Another example is Reverse, and how it should behave. The documentation is fairly unclear, but when I ran the tests, the Mono implementation used an optimization whereby if the sequence is a list, it will just return items from the tail end using the indexer. (This has now been fixed – the Mono team is quick like that!) Again, that means that changes made to the list while iterating will be reflected in the reversed sequence. I believe the documentation for Reverse ought to be clear that:

  • Execution is deferred: the input sequence isn’t read when the method is called.
  • When the result sequence is first read by the caller, a snapshot is taken, and that’s what’s used to return the data.
  • If the result sequence is read more than once (i.e. GetEnumerator is called more than once) then a new snapshot is created each time – so changes to the input sequence between calls to GetEnumerator on the result sequence will be observed.

Now this is still not as precise as it might be in terms of what "reading" a sequence entails – in particular, a simple implementation of Reverse (as per Edulinq) will actually take the snapshot on the first call to MoveNext() on the iterator returned by GetEnumerator() – but that’s probably not too bad. The snapshotting behaviour itself is important though, and should be made explicit in my opinion.

The problem with both of these "optimizations" is arguably that they’re applying list-based optimizations within an iterator block used for deferred execution. Optimizing for lists either upfront at the point of the initial method call or within an immediate execution operator (Count, ToList etc) is fine, because we assume the sequence won’t change during the course of the method’s execution. We can’t make that assumption with an iterator block, because the flow of the code is very different: our code is visited repeatedly based on the caller’s use of MoveNext().

Sequence identity

Another aspect of behaviour which isn’t well-specified is that of identity.

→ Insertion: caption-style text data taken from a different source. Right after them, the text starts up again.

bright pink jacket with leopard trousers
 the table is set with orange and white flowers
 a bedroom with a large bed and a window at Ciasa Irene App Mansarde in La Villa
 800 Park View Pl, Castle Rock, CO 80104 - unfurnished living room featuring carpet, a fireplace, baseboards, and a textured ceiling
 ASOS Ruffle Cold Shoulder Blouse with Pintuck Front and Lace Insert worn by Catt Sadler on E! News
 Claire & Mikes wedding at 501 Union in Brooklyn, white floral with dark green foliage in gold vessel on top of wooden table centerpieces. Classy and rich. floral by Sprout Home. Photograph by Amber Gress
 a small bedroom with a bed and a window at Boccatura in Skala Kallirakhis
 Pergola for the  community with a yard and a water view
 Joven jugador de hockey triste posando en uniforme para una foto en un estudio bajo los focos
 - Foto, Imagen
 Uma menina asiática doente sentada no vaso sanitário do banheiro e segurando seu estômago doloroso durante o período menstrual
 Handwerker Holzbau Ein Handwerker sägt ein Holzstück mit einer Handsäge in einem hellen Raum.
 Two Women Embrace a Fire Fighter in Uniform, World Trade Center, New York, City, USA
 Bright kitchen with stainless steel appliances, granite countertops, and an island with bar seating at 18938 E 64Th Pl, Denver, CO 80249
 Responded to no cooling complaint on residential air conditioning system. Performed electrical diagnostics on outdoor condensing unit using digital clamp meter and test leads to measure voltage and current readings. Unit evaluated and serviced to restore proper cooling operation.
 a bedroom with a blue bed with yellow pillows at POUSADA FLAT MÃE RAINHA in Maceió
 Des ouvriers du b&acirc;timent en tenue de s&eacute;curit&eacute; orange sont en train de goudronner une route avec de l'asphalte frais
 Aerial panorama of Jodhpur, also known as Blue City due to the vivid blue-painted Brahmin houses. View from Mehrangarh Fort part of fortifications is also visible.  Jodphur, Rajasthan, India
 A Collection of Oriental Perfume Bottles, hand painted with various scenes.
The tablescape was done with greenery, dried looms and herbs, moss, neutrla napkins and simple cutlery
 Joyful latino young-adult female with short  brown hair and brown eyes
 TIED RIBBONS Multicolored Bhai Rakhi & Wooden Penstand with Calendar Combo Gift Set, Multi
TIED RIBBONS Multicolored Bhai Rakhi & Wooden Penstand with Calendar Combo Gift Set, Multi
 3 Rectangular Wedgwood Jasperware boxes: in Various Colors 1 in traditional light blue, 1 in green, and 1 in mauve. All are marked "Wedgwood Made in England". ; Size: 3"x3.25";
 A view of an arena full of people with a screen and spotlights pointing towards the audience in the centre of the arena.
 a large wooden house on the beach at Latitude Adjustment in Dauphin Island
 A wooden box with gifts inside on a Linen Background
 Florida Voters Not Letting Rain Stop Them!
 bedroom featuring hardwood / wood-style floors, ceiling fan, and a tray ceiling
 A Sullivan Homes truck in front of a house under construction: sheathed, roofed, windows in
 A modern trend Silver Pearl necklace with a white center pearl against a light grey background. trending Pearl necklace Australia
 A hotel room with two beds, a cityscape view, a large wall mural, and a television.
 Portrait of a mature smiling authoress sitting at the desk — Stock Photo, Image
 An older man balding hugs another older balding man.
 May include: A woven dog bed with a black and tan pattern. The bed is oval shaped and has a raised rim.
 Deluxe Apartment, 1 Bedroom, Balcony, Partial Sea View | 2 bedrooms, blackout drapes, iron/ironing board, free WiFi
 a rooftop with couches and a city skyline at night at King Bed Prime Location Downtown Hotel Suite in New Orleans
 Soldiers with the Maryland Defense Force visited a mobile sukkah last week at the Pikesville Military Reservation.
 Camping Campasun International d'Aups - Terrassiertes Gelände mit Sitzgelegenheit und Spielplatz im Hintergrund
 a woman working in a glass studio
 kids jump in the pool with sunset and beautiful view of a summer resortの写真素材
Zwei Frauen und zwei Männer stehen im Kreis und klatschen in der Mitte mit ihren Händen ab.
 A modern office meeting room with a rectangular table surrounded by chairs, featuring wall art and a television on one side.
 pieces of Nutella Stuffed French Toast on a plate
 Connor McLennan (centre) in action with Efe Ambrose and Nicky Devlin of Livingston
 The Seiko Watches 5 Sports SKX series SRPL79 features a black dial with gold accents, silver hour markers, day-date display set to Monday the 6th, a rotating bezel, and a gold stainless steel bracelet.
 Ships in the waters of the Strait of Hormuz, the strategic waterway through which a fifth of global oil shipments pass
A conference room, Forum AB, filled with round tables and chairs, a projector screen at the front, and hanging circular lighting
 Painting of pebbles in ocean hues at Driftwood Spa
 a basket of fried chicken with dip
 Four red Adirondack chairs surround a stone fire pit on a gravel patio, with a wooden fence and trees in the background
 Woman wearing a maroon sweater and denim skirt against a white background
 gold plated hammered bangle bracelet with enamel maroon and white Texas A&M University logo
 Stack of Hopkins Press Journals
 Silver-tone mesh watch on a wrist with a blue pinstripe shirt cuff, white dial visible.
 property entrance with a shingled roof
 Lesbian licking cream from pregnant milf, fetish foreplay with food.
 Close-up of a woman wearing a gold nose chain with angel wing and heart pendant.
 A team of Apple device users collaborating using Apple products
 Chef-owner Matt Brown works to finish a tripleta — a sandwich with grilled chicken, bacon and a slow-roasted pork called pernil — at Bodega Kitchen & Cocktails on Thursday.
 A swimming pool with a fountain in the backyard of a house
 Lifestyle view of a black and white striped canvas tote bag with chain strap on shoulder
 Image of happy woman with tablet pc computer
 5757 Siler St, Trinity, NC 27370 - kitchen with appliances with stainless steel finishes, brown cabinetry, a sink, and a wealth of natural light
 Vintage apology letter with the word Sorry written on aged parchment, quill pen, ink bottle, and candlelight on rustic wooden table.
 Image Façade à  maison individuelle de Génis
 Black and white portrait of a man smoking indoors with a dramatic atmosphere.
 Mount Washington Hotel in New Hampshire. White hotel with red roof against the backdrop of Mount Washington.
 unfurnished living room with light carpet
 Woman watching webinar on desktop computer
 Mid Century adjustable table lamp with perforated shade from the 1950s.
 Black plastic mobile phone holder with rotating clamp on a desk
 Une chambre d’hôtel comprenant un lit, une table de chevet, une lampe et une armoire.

When is it valid for an operator to return the input sequence itself as the result sequence?

In the Microsoft implementation, this can occur in two operators: AsEnumerable (which always returns the input sequence reference, even if it’s null) and Cast (which returns the original reference only if it actually implements IEnumerable<TResult>).

In Edulinq, I have two other operators which can return the input sequence: OfType (only if the original reference implements IEnumerable<TResult> and TResult is a non-nullable value type) and Skip (if you provide a count which is zero or negative). Are these valid optimizations? Let’s think about why we might not want them to be…

If you’re returning a sequence from one layer of your code to another, you usually want that sequence to be viewed only as a sequence. In particular, if it’s backed by a List<T>, you don’t want callers casting to List<T> and modifying the list. With any operator implemented by an iterator block, that’s fine – the object returned from the operator has no accessible reference to its input, and the type itself only implements IEnumerable<T> (and IEnumerator<T>, and IDisposable, etc – but not IList<T>). It’s not so good if the operator decides it’s okay to return the original reference.

The C# language specification refers to this in the section about query expression translation: a no-op projection at the end of a query can be omitted if and only if there are other operators in the query. So a query expression of "from foo in bar select foo" will translate to "bar.Select(foo => foo)" but if we had a "where" clause in the query, the Select call would be removed. It’s worth noting that the call to "Cast" generated when you explicitly specify the type of a range variable is not enough to prevent the "no-op" projection from being generated… it’s almost as if the C# team "knows" that Cast can leak sequence identity whereas Where can’t.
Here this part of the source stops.